Under Sharon's aegis targeted killings, house demolitions and closures continue apace. Gaza is virtually isolated; its residents are incarcerated in abysmal poverty compounded by growing anarchy. This record is hardly one that should be applauded, let alone rewarded.
Some self-styled leaders of the peace camp rest their move to Kadima on the (unverified) hope that Sharon, along with the new and old players who surround him, will continue to take unilateral steps that will ultimately lead to the creation of a Palestinian state alongside Israel. In their eagerness to stress the real change in Sharon's policies, they fail to ask themselves what kind of a Palestine he envisages.
A WEAK, truncated Palestinian state alongside Israel, excluding Jerusalem, is not a viable alternative at this juncture. Neither is a political entity which is thrust upon the Palestinians without negotiations and without an agreement which will lead to the resolution of the long-festering Israeli-Palestinian conflict.
In today's political arena there are several parties - ranging from Labor and Meretz to the Democratic Choice and even Hadash - which represent what is by now the majority of Israelis who favor the resumption of final-status talks. Kadima and its leaders lack both the clarity of purpose and the firm dedication that exist in these quarters.
Although the 2006 elections are first and foremost about deciding the permanent shape of Israel and the future character of its relations with its neighbors, other issues will undoubtedly impinge. Advocates of a fair settlement with the Palestinians cannot close their eyes to the widening socioeconomic discrepancies wrought by decades of distorted priorities. Neither can they ignore the ongoing inequities within the country between Arabs and Jews, men and women, newcomers and old-timers, and between Mizrahim and Ashkenazim. Hundreds of thousands of Israelis are denied the right to marry and create a family; violations of human rights persist.
Sharon and his party, however, promise more of the same.

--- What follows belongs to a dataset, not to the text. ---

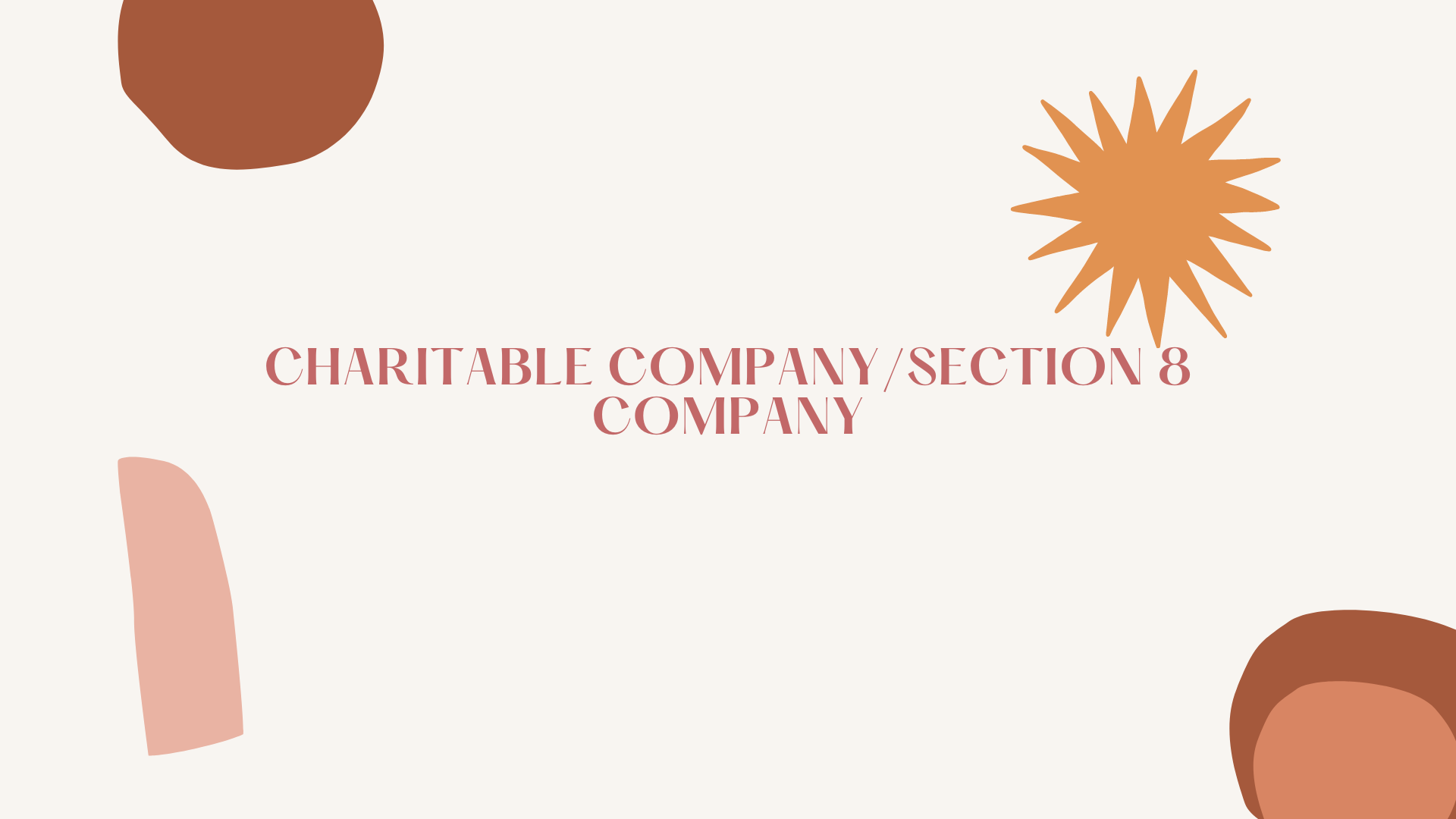 CHARITABLE COMPANY/SECTION 8 COMPANY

Indeed, the issue of leadership, trumpeted as the main selling card of the new political agglomeration, is also its Achilles' heel. The resilience of Israel's democracy depends as much on adherence to the rules of the game and the integrity of its leaders as on their policies. To hinge the fate of the country and its citizens on any one individual, however robust, is - as the events of this week so dramatically highlight - a monumental mistake.
The reordering of the political map in anticipation of the forthcoming elections is not only salubrious, it is vital. Nevertheless, the presentation of new and lucid choices should not cloud the judgment of the electorate. Kadima, despite its tender age, is a solid reality because it mirrors, in its makeup and outlook, the opinions of many Israelis. It does not, and cannot, replace the peace camp.
If these elections are to have any meaning, then Israeli voters would be well-advised to avoid what they do all too often - try to outsmart the system, and by extension themselves. In curious, often bizarre, ways, they expend inordinate energy on finding ways to employ their vote to simultaneously weaken their political rivals, shore up faltering politicians, construct future coalitions, and even determine their composition. The strategic vote is consistently used and abused in this country. Perhaps for once, this round, voters would be wise to simply indicate their preference by casting their ballot for the party which best represents their worldviews.
For this Israeli peacenik, the 2006 elections are not confusing at all. Ariel Sharon and his team are not an option. The choice lies between the parties to his left who can lead the country along a clear and honest path to greater peace, justice, democracy and human security.
The writer, a political scientist, is a former Meretz MK.